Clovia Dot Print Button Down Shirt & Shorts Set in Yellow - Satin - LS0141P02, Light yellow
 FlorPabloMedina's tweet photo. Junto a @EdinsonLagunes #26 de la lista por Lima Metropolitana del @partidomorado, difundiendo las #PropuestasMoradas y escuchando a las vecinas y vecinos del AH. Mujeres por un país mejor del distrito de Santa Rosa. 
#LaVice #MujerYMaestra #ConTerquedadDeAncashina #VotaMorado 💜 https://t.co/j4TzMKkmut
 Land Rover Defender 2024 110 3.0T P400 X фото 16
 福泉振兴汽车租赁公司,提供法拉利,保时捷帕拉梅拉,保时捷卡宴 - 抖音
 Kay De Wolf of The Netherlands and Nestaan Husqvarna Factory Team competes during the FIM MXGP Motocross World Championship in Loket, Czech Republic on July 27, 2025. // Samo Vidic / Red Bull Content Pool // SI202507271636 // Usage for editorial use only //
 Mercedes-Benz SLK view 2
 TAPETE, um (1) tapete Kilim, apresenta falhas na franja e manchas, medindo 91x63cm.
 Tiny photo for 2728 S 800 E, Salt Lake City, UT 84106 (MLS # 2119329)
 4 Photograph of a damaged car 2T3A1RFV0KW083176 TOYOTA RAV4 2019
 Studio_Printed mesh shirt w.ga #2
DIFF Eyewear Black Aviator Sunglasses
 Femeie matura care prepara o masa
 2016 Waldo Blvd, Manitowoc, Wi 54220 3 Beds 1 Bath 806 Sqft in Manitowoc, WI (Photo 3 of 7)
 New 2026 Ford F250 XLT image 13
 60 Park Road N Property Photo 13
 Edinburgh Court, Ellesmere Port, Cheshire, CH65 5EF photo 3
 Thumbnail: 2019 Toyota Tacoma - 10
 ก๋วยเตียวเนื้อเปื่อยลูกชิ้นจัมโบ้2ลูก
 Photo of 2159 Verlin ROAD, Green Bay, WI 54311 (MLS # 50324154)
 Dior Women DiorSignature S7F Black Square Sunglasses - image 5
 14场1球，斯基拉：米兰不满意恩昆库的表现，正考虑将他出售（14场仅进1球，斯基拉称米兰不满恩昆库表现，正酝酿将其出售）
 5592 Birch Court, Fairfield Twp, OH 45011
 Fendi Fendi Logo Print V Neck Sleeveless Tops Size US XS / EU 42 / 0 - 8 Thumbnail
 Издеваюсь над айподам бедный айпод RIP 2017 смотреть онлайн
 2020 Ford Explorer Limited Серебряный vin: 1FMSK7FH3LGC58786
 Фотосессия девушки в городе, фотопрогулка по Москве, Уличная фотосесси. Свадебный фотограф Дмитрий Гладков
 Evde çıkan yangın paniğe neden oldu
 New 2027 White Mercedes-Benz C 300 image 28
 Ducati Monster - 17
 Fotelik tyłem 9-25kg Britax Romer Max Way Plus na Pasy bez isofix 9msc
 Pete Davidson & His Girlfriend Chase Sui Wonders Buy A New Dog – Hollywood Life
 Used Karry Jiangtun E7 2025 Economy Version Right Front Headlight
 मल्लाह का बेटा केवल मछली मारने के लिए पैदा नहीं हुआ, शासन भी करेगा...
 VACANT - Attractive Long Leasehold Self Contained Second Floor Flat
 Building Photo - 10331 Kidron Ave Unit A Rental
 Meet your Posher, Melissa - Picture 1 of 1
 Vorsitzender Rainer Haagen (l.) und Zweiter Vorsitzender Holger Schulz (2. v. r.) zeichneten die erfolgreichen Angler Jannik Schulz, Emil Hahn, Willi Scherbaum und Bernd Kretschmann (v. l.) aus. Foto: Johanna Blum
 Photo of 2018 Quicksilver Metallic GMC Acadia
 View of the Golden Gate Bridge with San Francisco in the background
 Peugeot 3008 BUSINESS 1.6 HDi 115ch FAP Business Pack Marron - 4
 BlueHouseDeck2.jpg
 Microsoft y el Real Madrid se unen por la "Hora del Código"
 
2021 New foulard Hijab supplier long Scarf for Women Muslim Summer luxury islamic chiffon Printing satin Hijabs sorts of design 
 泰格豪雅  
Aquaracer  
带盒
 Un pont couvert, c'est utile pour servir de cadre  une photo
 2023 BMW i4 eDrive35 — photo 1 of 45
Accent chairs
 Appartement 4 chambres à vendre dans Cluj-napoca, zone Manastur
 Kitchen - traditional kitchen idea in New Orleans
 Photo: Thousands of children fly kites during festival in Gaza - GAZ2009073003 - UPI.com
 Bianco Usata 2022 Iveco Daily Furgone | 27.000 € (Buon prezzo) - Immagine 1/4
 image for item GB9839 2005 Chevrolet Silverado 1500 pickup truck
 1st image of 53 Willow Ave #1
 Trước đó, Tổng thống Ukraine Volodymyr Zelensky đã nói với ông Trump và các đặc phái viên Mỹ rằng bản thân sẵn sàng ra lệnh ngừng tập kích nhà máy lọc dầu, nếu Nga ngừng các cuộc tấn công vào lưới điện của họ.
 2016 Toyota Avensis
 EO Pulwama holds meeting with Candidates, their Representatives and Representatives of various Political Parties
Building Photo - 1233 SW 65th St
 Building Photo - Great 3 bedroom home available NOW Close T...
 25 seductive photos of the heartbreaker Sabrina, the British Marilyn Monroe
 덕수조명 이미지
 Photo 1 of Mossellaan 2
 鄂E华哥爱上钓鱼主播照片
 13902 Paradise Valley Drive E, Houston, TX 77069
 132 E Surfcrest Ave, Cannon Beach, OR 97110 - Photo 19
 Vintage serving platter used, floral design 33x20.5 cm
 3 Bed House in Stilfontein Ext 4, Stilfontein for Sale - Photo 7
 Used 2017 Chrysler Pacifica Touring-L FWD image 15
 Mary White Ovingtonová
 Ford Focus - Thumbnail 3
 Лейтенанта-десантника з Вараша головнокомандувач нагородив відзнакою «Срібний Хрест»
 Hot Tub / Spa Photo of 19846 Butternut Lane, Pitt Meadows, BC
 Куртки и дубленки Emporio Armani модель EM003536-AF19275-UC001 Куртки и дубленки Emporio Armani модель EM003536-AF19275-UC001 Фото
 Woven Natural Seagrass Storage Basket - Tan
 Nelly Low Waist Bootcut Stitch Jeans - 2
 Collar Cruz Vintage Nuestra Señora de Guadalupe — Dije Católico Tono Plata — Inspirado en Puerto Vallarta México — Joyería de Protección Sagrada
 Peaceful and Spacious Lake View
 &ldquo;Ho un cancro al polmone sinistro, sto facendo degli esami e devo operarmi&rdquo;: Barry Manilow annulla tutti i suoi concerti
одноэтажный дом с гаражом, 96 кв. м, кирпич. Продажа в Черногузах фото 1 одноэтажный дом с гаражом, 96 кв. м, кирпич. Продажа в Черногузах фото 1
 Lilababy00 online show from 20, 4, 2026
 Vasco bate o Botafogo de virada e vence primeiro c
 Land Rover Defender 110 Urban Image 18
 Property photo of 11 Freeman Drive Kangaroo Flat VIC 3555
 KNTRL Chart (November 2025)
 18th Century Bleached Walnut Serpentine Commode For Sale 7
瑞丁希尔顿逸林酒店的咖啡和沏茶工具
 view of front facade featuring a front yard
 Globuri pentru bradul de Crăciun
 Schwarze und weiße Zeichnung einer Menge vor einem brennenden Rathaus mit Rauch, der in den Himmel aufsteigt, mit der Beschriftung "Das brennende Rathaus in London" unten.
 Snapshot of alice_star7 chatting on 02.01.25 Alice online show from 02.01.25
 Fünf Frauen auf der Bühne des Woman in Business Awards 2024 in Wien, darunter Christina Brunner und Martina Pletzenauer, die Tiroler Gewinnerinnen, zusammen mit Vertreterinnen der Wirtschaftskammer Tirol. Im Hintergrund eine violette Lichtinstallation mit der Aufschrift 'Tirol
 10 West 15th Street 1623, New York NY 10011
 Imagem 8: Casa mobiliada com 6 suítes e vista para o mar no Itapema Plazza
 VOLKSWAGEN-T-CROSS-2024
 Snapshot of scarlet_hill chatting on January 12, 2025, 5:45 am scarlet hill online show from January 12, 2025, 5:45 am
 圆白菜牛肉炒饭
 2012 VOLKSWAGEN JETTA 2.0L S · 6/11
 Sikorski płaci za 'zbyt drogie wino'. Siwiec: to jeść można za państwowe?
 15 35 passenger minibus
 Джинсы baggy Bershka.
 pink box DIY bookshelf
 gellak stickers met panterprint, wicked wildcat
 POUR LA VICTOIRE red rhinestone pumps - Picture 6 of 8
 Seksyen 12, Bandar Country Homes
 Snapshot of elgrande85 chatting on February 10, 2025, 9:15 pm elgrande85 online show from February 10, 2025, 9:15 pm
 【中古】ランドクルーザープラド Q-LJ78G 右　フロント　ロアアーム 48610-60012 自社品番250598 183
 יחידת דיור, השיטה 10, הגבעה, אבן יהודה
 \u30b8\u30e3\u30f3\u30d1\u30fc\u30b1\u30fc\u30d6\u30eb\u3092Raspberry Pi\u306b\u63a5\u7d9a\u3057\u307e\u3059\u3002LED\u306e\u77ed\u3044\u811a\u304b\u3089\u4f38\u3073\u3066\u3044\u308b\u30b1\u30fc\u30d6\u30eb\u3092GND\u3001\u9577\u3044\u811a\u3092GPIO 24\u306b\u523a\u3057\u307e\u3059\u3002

◇ ◇ ◇ ◇

Task to complete - From the entries above, copy every line where the word "Business" shows up.

Task solution -
 Peugeot 3008 BUSINESS 1.6 HDi 115ch FAP Business Pack Marron - 4
 Fünf Frauen auf der Bühne des Woman in Business Awards 2024 in Wien, darunter Christina Brunner und Martina Pletzenauer, die Tiroler Gewinnerinnen, zusammen mit Vertreterinnen der Wirtschaftskammer Tirol. Im Hintergrund eine violette Lichtinstallation mit der Aufschrift 'Tirol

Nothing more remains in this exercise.